Automatic Coding at Scale: Design and Deployment of a Nationwide System for Normalizing Referrals in the Chilean Public Healthcare System
methods: 该论文提出了一种两步方法,首先使用 state-of-the-art NER 模型来识别疾病提到,然后使用基于 Elasticsearch 的搜索引擎系统将最相关的疾病代码分配给疾病提到。

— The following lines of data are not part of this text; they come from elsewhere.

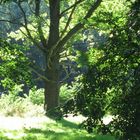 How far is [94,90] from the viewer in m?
8.32

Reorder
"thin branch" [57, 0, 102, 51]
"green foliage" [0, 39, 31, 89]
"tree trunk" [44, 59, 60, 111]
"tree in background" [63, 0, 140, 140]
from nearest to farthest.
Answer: "tree in background" [63, 0, 140, 140], "green foliage" [0, 39, 31, 89], "thin branch" [57, 0, 102, 51], "tree trunk" [44, 59, 60, 111]

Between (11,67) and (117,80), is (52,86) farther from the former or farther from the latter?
(117,80)

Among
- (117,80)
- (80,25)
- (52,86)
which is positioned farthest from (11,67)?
(52,86)

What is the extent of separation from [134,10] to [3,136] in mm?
5679

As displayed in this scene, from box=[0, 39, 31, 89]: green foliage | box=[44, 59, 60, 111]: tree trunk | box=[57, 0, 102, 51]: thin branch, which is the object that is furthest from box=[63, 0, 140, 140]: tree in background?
box=[44, 59, 60, 111]: tree trunk

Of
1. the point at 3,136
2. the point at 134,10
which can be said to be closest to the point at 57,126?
the point at 3,136

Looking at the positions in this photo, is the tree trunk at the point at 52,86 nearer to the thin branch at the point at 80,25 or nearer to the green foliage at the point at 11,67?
the thin branch at the point at 80,25

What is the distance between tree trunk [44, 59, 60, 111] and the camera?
23.1 metres

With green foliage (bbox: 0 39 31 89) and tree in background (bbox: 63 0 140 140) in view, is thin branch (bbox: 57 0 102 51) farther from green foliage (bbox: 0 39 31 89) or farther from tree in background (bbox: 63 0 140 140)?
tree in background (bbox: 63 0 140 140)

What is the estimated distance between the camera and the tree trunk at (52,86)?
23.1 meters

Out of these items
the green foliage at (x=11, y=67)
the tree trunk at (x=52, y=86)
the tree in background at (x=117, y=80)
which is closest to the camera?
the tree in background at (x=117, y=80)

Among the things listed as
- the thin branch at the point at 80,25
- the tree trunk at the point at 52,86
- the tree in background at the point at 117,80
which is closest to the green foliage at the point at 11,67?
the tree in background at the point at 117,80

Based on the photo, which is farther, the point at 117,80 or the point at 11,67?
the point at 11,67

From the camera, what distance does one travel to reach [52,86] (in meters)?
23.2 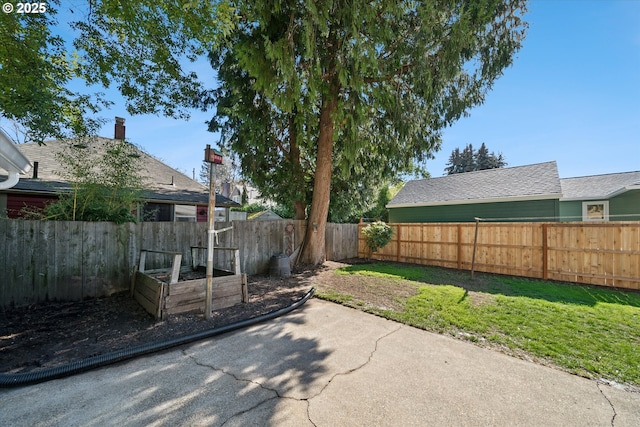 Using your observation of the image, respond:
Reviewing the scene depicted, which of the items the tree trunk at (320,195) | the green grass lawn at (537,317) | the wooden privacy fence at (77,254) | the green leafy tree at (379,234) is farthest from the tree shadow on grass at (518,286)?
the wooden privacy fence at (77,254)

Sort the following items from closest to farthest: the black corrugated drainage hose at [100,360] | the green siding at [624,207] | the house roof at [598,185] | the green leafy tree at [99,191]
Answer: the black corrugated drainage hose at [100,360]
the green leafy tree at [99,191]
the green siding at [624,207]
the house roof at [598,185]

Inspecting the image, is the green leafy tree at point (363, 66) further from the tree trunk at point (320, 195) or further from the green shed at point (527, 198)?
the green shed at point (527, 198)

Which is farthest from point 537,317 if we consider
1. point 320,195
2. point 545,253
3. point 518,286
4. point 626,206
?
point 626,206

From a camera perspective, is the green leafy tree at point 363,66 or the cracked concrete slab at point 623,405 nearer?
the cracked concrete slab at point 623,405

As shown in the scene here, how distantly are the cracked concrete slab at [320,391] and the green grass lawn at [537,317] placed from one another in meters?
0.44

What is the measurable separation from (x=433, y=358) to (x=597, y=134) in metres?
14.7

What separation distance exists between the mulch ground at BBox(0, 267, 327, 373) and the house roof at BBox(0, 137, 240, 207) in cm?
340

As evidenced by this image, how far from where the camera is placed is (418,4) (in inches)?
228

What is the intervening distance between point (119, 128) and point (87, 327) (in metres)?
10.1

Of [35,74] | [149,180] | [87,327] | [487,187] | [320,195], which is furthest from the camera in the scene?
[487,187]

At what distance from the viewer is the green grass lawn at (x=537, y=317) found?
284 cm

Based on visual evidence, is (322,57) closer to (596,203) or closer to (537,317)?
(537,317)

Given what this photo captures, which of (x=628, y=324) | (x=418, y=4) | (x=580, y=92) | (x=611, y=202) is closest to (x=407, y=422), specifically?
(x=628, y=324)

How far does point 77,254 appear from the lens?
14.6 ft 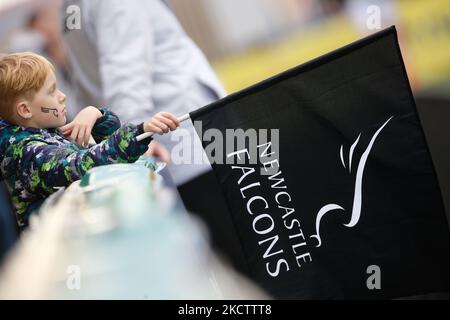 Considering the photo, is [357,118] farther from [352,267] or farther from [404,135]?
[352,267]

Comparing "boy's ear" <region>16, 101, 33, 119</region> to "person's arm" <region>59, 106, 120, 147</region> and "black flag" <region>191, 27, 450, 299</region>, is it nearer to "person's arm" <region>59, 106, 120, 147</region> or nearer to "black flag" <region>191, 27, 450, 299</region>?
"person's arm" <region>59, 106, 120, 147</region>

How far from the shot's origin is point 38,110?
2604 mm

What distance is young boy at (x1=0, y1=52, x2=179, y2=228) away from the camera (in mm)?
2500

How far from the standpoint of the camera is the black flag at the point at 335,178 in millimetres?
2637

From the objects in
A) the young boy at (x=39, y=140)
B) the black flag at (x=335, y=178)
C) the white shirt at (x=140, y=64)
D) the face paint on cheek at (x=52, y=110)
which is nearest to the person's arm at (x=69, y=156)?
the young boy at (x=39, y=140)

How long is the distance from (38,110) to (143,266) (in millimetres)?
599

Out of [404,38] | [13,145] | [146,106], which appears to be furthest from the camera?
[404,38]

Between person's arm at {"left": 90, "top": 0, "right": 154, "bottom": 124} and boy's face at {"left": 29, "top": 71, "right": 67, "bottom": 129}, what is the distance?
925mm

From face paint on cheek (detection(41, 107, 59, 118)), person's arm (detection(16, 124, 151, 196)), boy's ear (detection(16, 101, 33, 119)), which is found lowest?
person's arm (detection(16, 124, 151, 196))

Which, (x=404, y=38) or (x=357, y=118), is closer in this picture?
(x=357, y=118)

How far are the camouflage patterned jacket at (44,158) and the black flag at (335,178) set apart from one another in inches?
13.1

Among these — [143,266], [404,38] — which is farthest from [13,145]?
[404,38]

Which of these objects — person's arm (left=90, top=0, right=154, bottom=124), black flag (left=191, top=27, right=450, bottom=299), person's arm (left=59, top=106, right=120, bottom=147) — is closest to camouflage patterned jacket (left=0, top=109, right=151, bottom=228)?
person's arm (left=59, top=106, right=120, bottom=147)

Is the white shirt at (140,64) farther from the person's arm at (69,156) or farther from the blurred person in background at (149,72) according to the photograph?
the person's arm at (69,156) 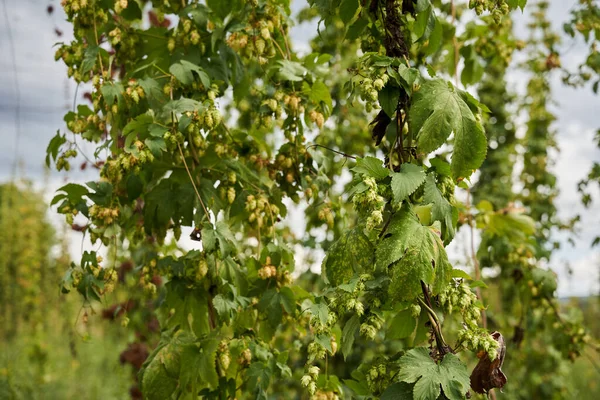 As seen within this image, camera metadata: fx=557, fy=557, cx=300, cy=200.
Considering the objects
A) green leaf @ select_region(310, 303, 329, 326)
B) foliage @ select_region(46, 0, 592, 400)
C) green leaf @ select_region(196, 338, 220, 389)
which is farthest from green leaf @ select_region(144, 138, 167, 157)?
green leaf @ select_region(310, 303, 329, 326)

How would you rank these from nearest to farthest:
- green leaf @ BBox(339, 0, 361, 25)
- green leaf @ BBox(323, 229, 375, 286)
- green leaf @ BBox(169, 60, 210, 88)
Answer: green leaf @ BBox(323, 229, 375, 286) < green leaf @ BBox(339, 0, 361, 25) < green leaf @ BBox(169, 60, 210, 88)

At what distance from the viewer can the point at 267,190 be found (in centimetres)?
228

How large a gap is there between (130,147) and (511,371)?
5.72 meters

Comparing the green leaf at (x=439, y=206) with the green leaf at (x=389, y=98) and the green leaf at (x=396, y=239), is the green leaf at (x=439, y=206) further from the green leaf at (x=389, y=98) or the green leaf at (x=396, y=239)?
the green leaf at (x=389, y=98)

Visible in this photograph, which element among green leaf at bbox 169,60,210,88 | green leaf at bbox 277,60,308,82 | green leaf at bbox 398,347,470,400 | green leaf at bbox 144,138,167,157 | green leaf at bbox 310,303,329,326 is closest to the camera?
green leaf at bbox 398,347,470,400

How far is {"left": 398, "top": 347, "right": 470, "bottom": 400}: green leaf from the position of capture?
1269 millimetres

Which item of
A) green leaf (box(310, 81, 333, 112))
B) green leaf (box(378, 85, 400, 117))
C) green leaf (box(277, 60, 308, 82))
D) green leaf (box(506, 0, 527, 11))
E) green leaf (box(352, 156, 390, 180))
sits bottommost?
green leaf (box(310, 81, 333, 112))

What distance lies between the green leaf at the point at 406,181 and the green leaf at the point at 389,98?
0.60 feet

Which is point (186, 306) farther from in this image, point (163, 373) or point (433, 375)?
point (433, 375)

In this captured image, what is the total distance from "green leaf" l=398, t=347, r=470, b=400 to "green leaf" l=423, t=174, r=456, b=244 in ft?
1.03

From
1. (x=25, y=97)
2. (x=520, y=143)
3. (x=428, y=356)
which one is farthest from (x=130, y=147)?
(x=520, y=143)

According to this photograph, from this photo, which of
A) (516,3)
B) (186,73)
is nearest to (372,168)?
(516,3)

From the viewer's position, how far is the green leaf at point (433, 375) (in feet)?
4.16

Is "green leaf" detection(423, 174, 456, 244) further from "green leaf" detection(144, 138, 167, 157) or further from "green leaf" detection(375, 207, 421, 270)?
"green leaf" detection(144, 138, 167, 157) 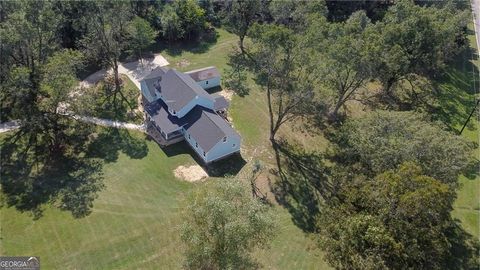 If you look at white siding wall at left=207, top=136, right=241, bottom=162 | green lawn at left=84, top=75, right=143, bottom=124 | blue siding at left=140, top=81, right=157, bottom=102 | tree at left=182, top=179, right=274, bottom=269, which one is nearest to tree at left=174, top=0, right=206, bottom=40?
green lawn at left=84, top=75, right=143, bottom=124

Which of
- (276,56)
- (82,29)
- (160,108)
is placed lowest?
(160,108)

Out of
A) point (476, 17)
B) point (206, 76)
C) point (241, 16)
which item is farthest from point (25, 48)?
point (476, 17)

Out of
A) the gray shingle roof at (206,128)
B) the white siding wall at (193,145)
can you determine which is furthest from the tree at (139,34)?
the white siding wall at (193,145)

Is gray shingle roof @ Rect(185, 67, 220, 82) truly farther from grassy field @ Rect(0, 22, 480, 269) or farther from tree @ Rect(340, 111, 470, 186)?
tree @ Rect(340, 111, 470, 186)

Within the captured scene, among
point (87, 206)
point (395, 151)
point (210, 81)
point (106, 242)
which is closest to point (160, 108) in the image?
point (210, 81)

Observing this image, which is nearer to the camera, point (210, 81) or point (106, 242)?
point (106, 242)

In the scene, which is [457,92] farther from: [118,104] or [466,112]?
[118,104]

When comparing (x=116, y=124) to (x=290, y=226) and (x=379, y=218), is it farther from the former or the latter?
(x=379, y=218) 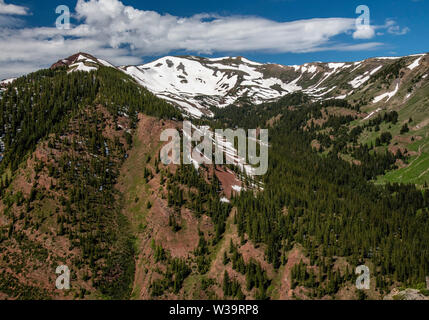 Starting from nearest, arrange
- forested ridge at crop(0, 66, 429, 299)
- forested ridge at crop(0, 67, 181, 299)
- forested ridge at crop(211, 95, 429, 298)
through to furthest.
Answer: forested ridge at crop(211, 95, 429, 298) < forested ridge at crop(0, 66, 429, 299) < forested ridge at crop(0, 67, 181, 299)

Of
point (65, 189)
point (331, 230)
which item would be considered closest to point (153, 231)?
point (65, 189)

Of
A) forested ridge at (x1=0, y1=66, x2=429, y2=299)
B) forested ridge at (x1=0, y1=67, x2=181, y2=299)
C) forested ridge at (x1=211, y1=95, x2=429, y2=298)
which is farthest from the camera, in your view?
forested ridge at (x1=0, y1=67, x2=181, y2=299)

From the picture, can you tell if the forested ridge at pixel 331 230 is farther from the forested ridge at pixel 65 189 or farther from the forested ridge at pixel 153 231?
the forested ridge at pixel 65 189

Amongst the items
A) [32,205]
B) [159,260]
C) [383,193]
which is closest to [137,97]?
[32,205]

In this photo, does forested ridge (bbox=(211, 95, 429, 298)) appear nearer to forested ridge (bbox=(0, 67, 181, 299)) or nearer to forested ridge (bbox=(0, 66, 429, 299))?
forested ridge (bbox=(0, 66, 429, 299))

results: 论文的实验结果表明,该系统可以准确地自动分配疾病代码,MAP 得分为 0.63 和 0.83 分别在 subcategory 和 category 两个水平上。Abstract
The disease coding task involves assigning a unique identifier from a controlled vocabulary to each disease mentioned in a clinical document. This task is relevant since it allows information extraction from unstructured data to perform, for example, epidemiological studies about the incidence and prevalence of diseases in a determined context. However, the manual coding process is subject to errors as it requires medical personnel to be competent in coding rules and terminology. In addition, this process consumes a lot of time and energy, which could be allocated to more clinically relevant tasks. These difficulties can be addressed by developing computational systems that automatically assign codes to diseases. In this way, we propose a two-step system for automatically coding diseases in referrals from the Chilean public healthcare system. Specifically, our model uses a state-of-the-art NER model for recognizing disease mentions and a search engine system based on Elasticsearch for assigning the most relevant codes associated with these disease mentions. The system's performance was evaluated on referrals manually coded by clinical experts. Our system obtained a MAP score of 0.63 for the subcategory level and 0.83 for the category level, close to the best-performing models in the literature. This system could be a support tool for health professionals, optimizing the coding and management process. Finally, to guarantee reproducibility, we publicly release the code of our models and experiments.
摘要
疾病编码任务是将每个在临床文档中提到的疾病分配一个从控制词汇中获取的唯一标识符。这项任务非常重要,因为它允许从无结构数据中提取信息,以进行例如,疾病发生率和患病率的评估。然而,手动编码过程受到误差的影响,因为医疗人员需要熟悉编码规则和术语。此外,这个过程需要很多时间和能量,这些资源可以用于更有价值的临床任务。为解决这些困难,我们提出了一种自动将疾病编码为疾病名称的两步系统。具体来说,我们的模型使用了当前领域的最佳NER模型,以识别疾病提到的文本,并使用基于Elasticsearch的搜索引擎系统,将疾病提到的最相关的编码词归类。我们的系统在专家手动编码的referral上进行评估,我们的系统在分类层次上获得了MAP分数为0.63,在类别层次上获得了MAP分数为0.83,与文献中最佳模型几乎相同。这个系统可以作为医疗专业人员的支持工具,优化编码和管理过程。最后,为保证可重现性,我们在线上公开发布了我们的模型和实验。